One of the most exciting and provocative ideas in modern biology is the notion that cells can be "reprogrammed" and engineered to perform a desired function. Yet the ability to manipulate cellular responses is still quite limited in two key ways. First, researchers have not deciphered the instructions used by cells to adopt a particular response. Second, even if researchers perfectly knew which instructions to provide, they lack the tools to deliver them to a particular cell of interest, at a precise time, without affecting its neighbors. This research will address both of these key challenges by studying a protein, Erk, that plays a fundamental role in organizing cell decisions in all multicellular organisms. This project will rely on a combination of cutting-edge tools: live-cell biosensors to measure natural Erk responses and engineered, light-sensitive proteins to alter Erk activity at precise times and locations in a tissue. This comprehensive understanding of how Erk activity patterns control responses at the cell, tissues, and whole organism scales and how one can alter those patterns to control cell fate. These studies will be integrated with an education plan to train the next generation of quantitative biologists and to foster early exposure to research for historically underrepresented students.

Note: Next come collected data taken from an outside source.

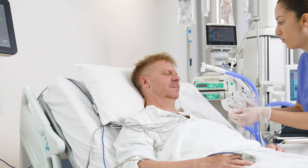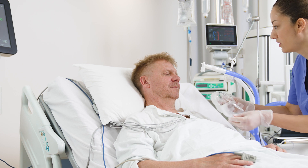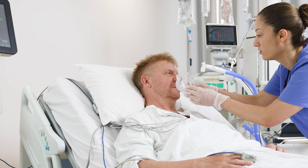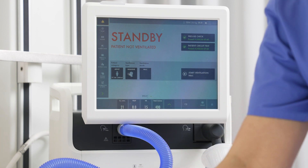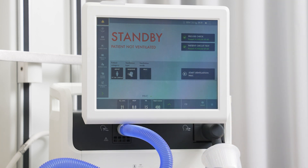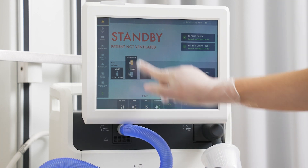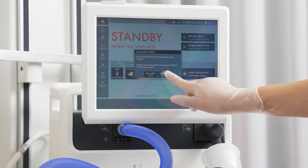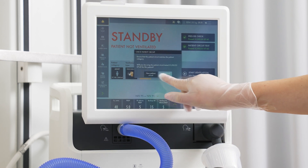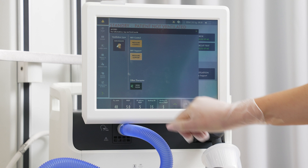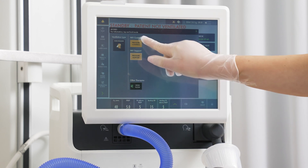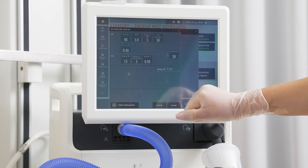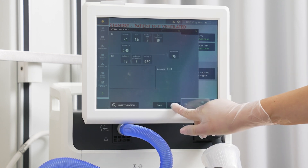Choose the correct patient interface and inform and prepare your patient. Then choose ventilation type non-invasive. Tap the ventilation modes and choose the mode you wish to use for your patient. Here we will choose pressure support, which also includes CPAP capability.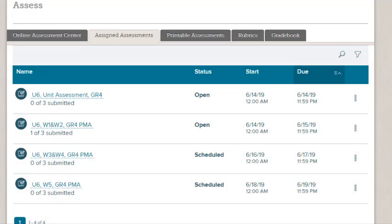This video will take a look at how to assign online assessments and monitor your students' progress.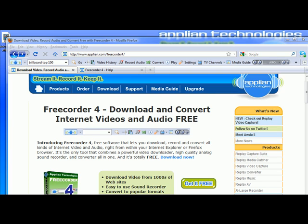I want to show you a really great, free, powerful tool called Free Quarter 4. It's a video-audio recorder converter that sits right in your browser and gives you access to thousands of radio stations and tons of television channels. It's just a great tool to have if you're a fan of streaming media, and it's free.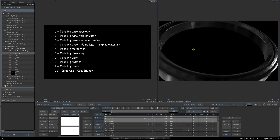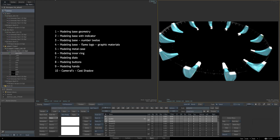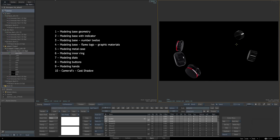In the fifth video, I'll show the metal case, the material assigned to it — PBR material — the effect of depth of field, and the light setup. In the sixth video, I'll show how I create this inner ring — a reflective inner ring — using old-school methods with reflections and reflection maps. In the seventh video, I'll show how I created the dials. In the eighth video, I'll show the buttons: the crown-shaped buttons and the rounded buttons.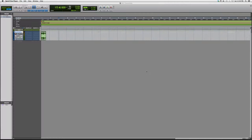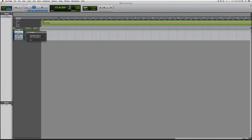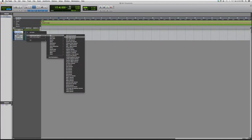Hey guys, welcome to Pro Tools Help. In today's tutorial I'm going to show you how to open a plugin called R Channel. This is for new users to Pro Tools or to the Waves plugins. Remember that you have to have certain Waves bundles in order to open some of these plugins. I'm going to my audio track, going to a multi-channel plug-in EQ, and we'll go down to R Channel.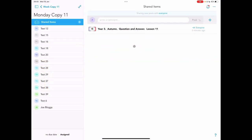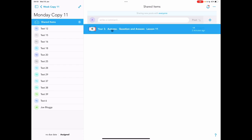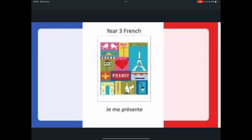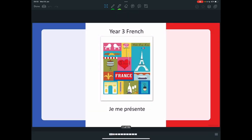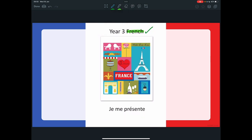Here you can see an example of a presentation that a teacher has uploaded. When a presentation is uploaded to Shobi, it converts it to a PDF so that you can annotate and highlight the presentation.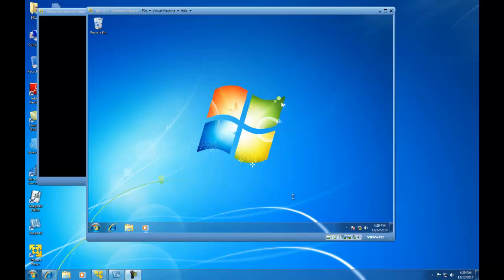Hello. In this demonstration, I am going to show you how to create a Windows PE boot image. PE is the pre-installation environment.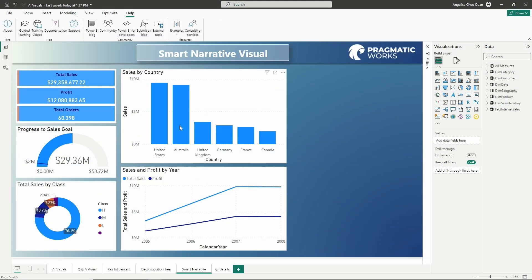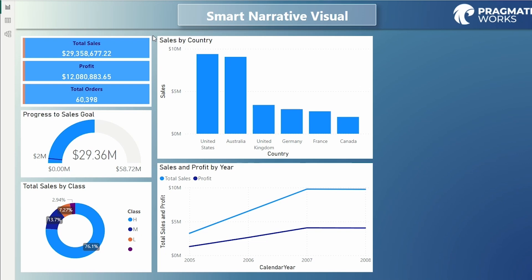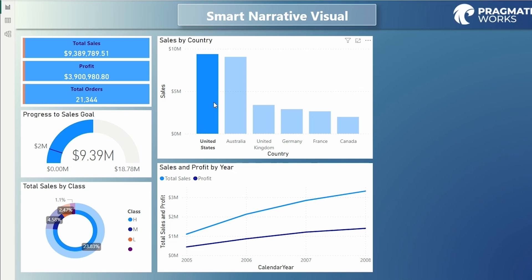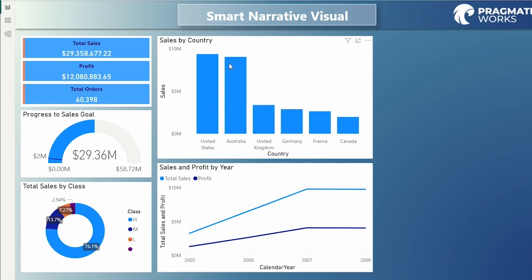Alright, so here on this report, I have the AdventureWorks dataset, a couple of card visuals using that new card visual to show us the total sales, our profit, total orders. We've got sales by country. Notice how the rest of our visuals are going to update based on the selection we're making over here on our sales by country column chart. Gauge visual showing us the progress we're making to our sales goal.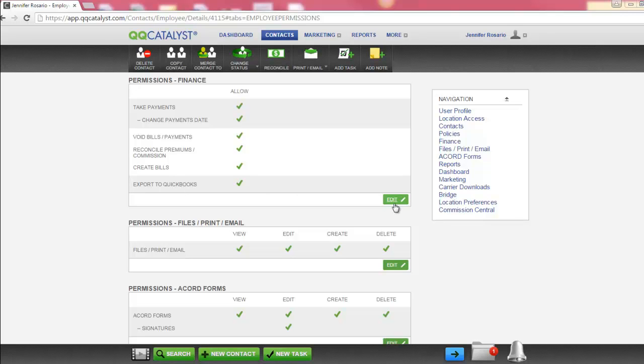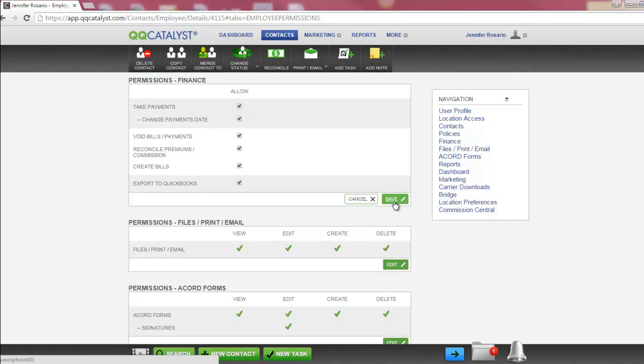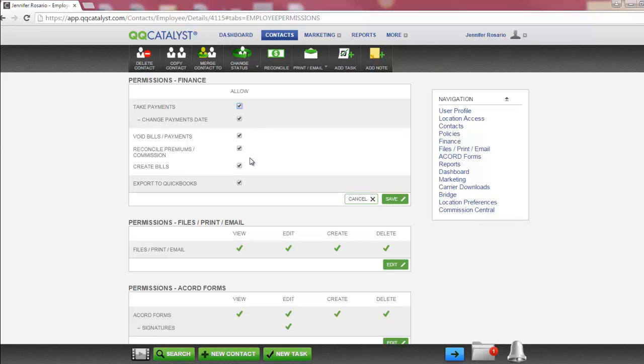Select Edit in order to edit any of these areas. Once you've made your appropriate selections, select Save to save your changes.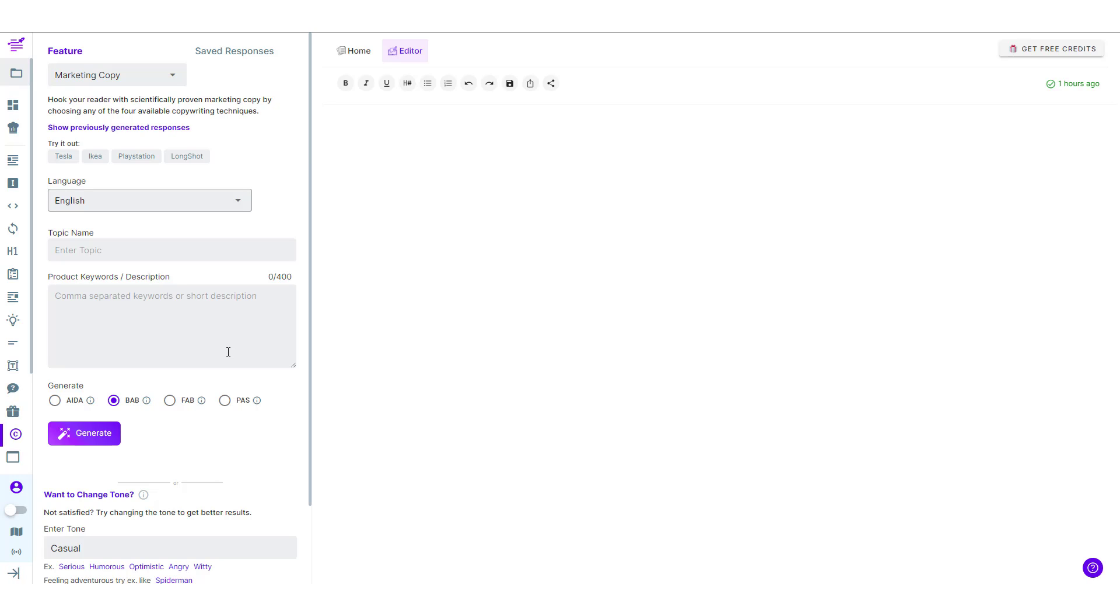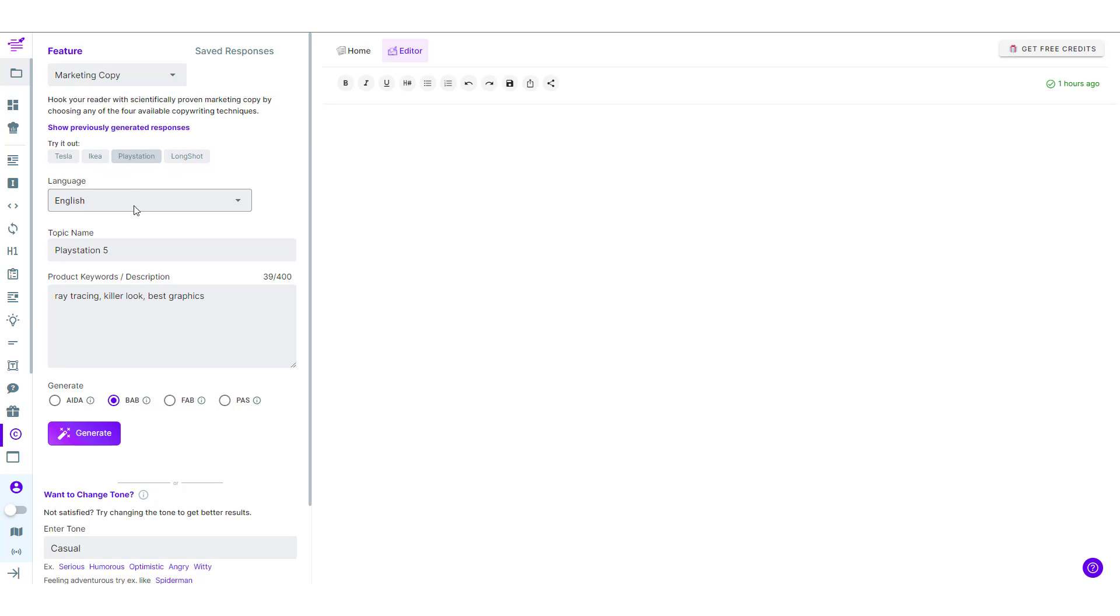So generating a BAB copy is pretty simple just input the topic and the keywords or the description that goes with it and generate. So what we'll do is we'll choose one of these examples. Let's choose PlayStation.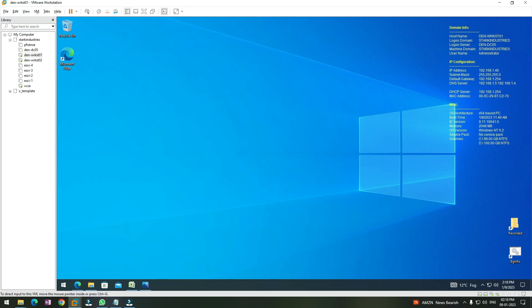Hi everyone, welcome to my channel Lab2LearnIT. In the last video, we logged on to our vCenter server using the WebGUI and created the data center in production and management clusters.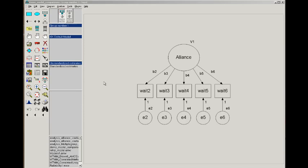Welcome. This movie will introduce how to compare models in a confirmatory factor analysis. Specifically, we'll be comparing models where we've introduced constraints into the model. I'll illustrate this by comparing the congeneric, tau equivalent, and parallel measurement models that we discussed in class.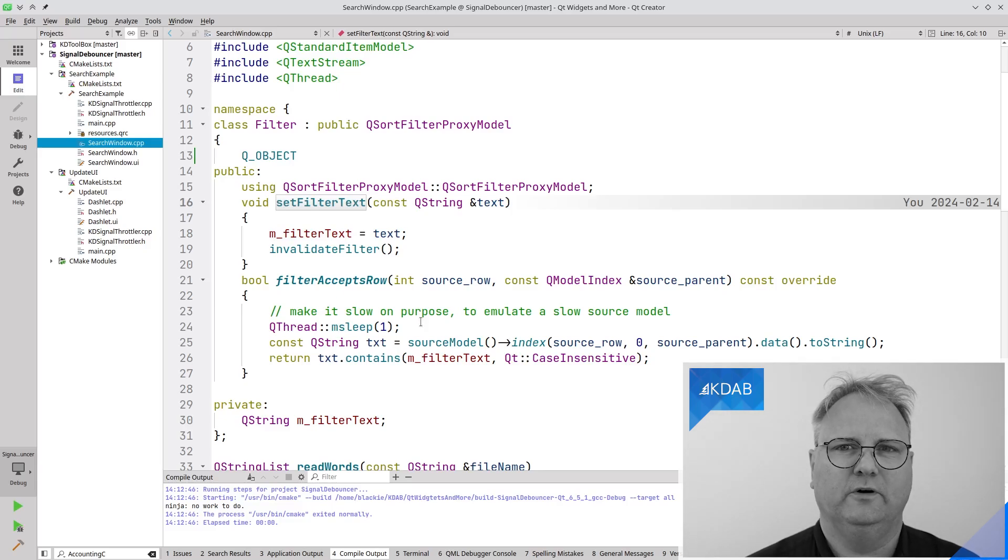The solution is straightforward — just remove that line. But it's a simulation of being slow. So what would the real solution be? One solution could be to have the line edit, whenever it triggers, start a timer. That timer fires after say 500 milliseconds. Every time the line edit triggers, it restarts the timer, meaning if we're 400 milliseconds in and the text changed signal emits again, we restart. Then connect that timer's signal to trigger the filtering.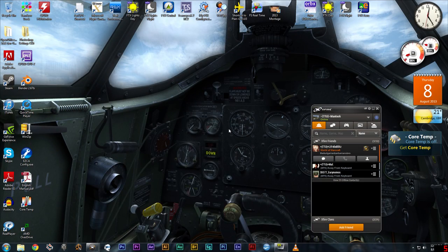Hello folks, welcome back to the channel. I thought I'd just do a quick introduction to Plan G, or Plan G version 3. This is software that we use for FSX VFR navigation. It's a really, really great package.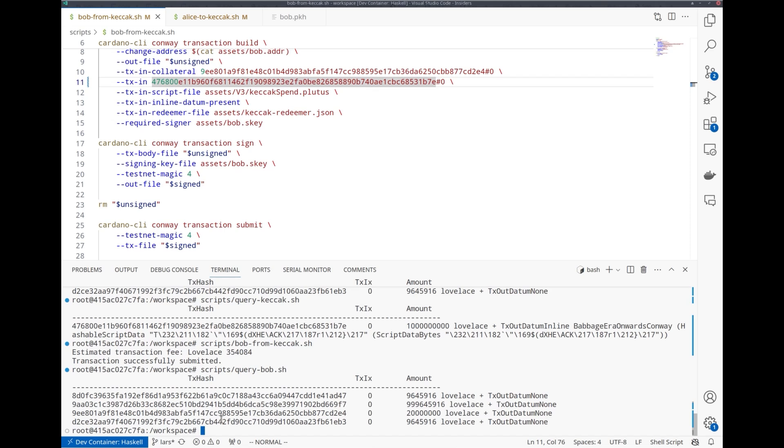So now with Plutus V3, it's possible to do things like that, to interact smoothly with, for example, Ethereum, and to verify Ethereum signatures produced by MetaMask from within a Plutus script.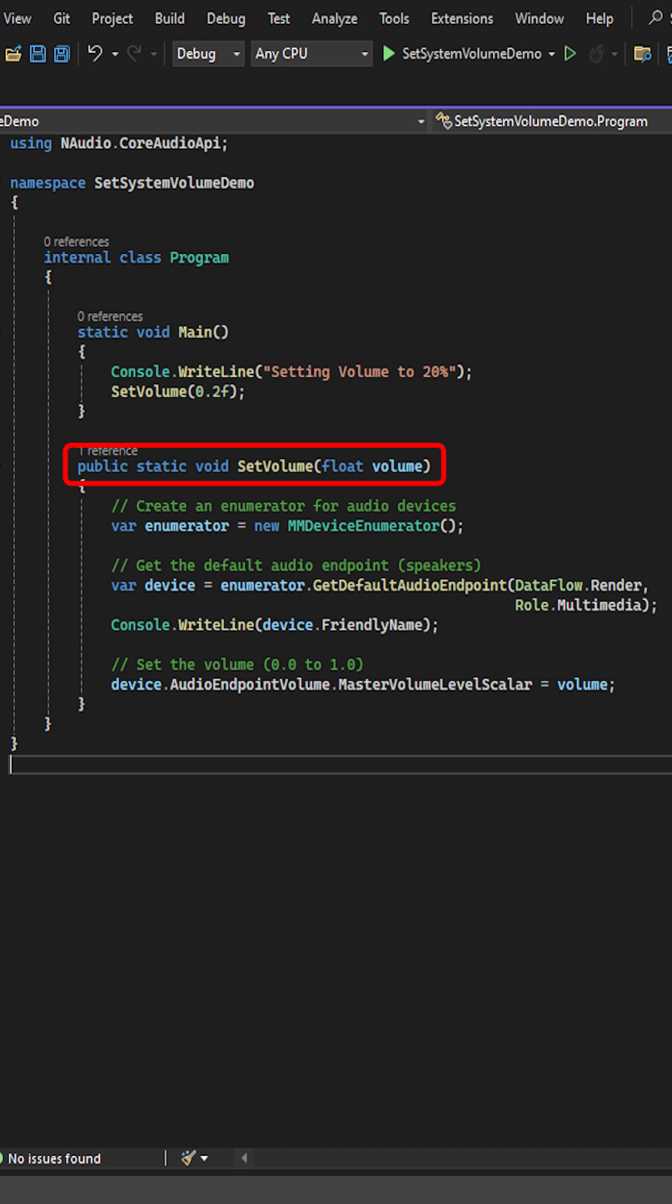Then for this demonstration, we'll create a method to set the volume that takes a float argument. Note the volume must be between 0 and 1.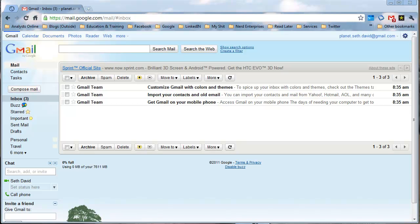You can set that POP3 email account to actually come into your Gmail account. That way you can manage all of your email using Gmail, which if you're already using Gmail, you know it has some great features in terms of spam filters and in terms of just organizing your emails.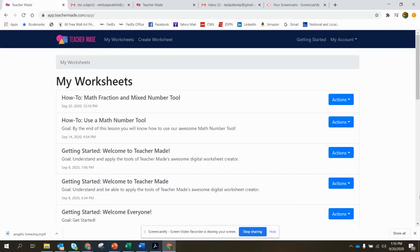Hey guys, it's Emily with TeacherMade.com. I am so excited to be able to show you how to share your previously made worksheets with your colleagues. This is going to be a game changer.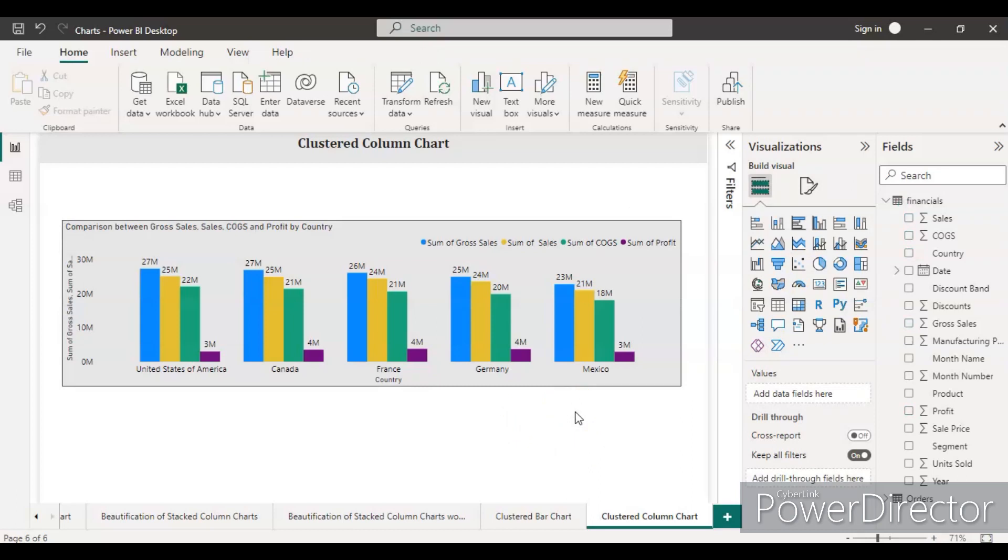I hope this video made you clear how to create clustered column charts in Power BI. If you like my video, please hit the like button and please subscribe to my channel. Thank you for watching.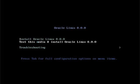At the boot screen we need to decide if we're going to test the media. I'm not going to bother for this installation, so I just up arrow and hit the return key.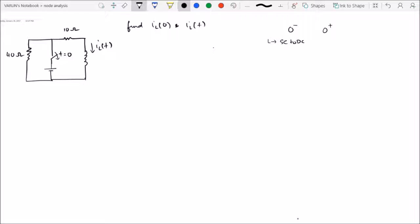The capacitor will be an open circuit to DC. At 0-plus, IL(0-) will be equal to IL(0+), because the inductor cannot allow the current to change instantaneously. And the capacitor voltage VC(0-) will be equal to VC(0+), meaning the voltage across the capacitor before switching equals the voltage after switching.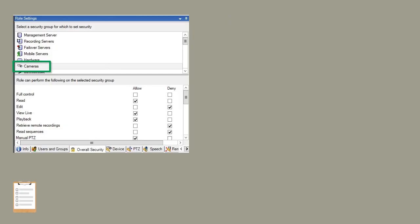In this example, we set the Overall Security for Cameras to deny all permissions except for Read, View Live, Playback, and Manual PTZ.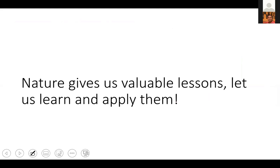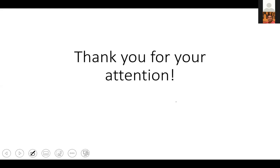That is all I can share with you. This gives us valuable lessons — let us learn and apply them. Thank you so much for your attention.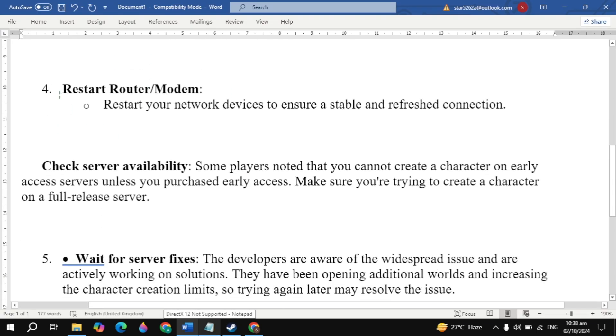If your problem is still not fixed, make sure VPN is disabled. Fourth solution is to restart your router or modem - restart your network devices to ensure a stable and refreshed connection.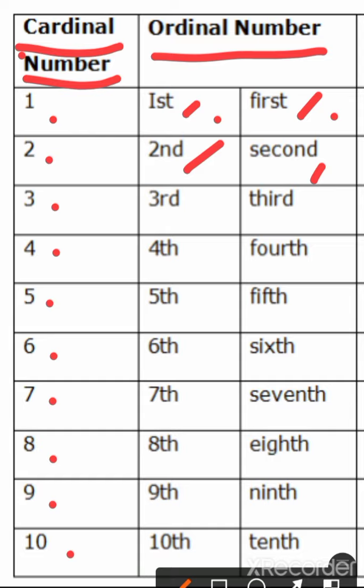So ordinal number of 3 is third. Spelling T-H-I-R-D. But both ways will be correct. You can write it in this way, you can write it in this way, any way you like.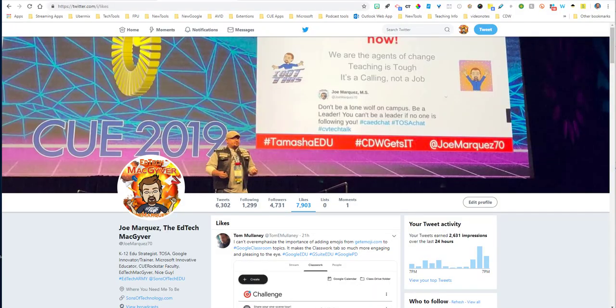Hello, everybody. I wanted to share with you a neat little hack that I found today while perusing through Twitter. This was posted by Tom Mullaney. You can find him on Twitter at Tom E. Mullaney.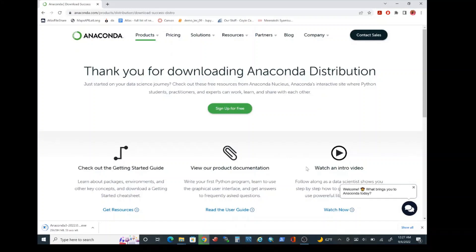The first reason is because Anaconda 3 installs various data science packages other than installing Python 3 itself. We'll be using various data science packages throughout the course of this semester, so it is essential for you to install Python 3 using Anaconda 3.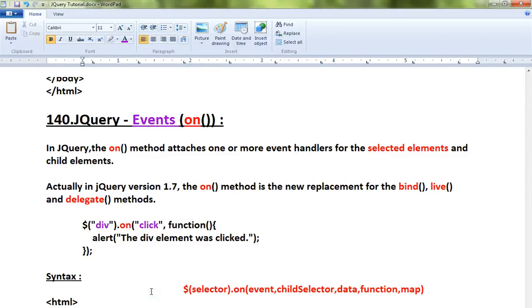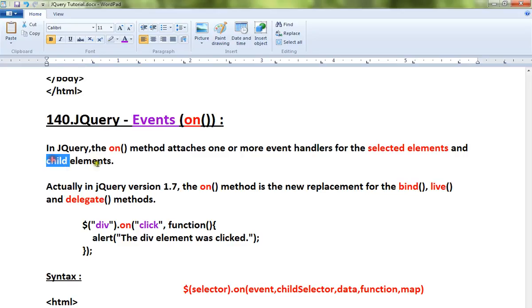Hi friends, in this video I'm going to talk about the on method in jQuery. In jQuery, the on method attaches one or more event handlers for the selected elements and child elements.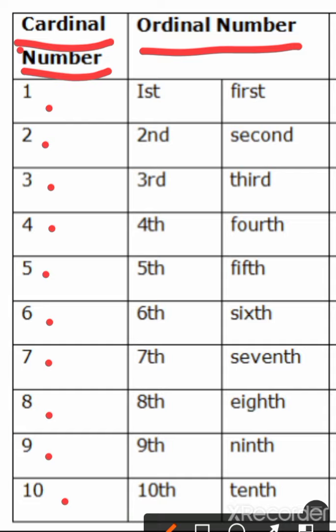So 1 is the cardinal number and its ordinal number will be first. We can write it like this also, F-I-R-S-T. So ordinal numbers can be written in both ways. This way or this way, right?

The long-term goal of the researcher's lab is to address two fundamental problems in cellular systems biology. How are a small number of highly conserved signaling pathways repurposed in different cell types and organisms to encode information about the external world? Which features of the signals sent by these pathways are sufficient to specify cell-, tissue-, and organism-level phenotypes? Fulfilling these two aims will help to bridge the gap from a static genotype to complex multicellular phenotypes and define the computations that are carried out by the groups of proteins that work together to process cellular information. The research plan is focused on an extensively studied signaling pathway, the Erk pathway, which plays essential roles across eukaryotic organisms. Although the individual proteins comprising the pathway have been thoroughly studied by genetic and biochemical approaches, live-cell Erk biosensors have recently revealed exquisite spatiotemporal patterns of activity: oscillations in individual cells, propagating waves across tissues, and a fast succession of spatial patterns during embryogenesis. The work will dissect these ornate patterns using a combination of quantitative measurements and highly controlled optogenetic inputs that can be used to activate Erk signaling in any spatial or temporal pattern. In particular, the research seeks to: (1) dissect the mechanism that generates pulses of Erk activity in a laboratory model of the epidermis; (2) determine how Erk dynamics control gene expression and cell fate in epidermal cells; and (3) unravel how Erk signaling affects tissue morphogenesis in the developing fly embryo, where exquisite signaling patterns appear over time and in 3D space throughout the organism. The research is complemented by an education plan directed at broadening the early-stage research opportunities available to undergraduates, particularly historically underrepresented students, and at disseminating the tools of quantitative biology and optogenetics to the next generation of cell and developmental biology trainees. The Project is jointly funded by Molecular and Cellular Biosciences and Integrative Organismal Systems, with additional support provided by the Directorate's Rule of Life Venture Fund.
This award reflects NSF's statutory mission and has been deemed worthy of support through evaluation using the Foundation's intellectual merit and broader impacts review criteria.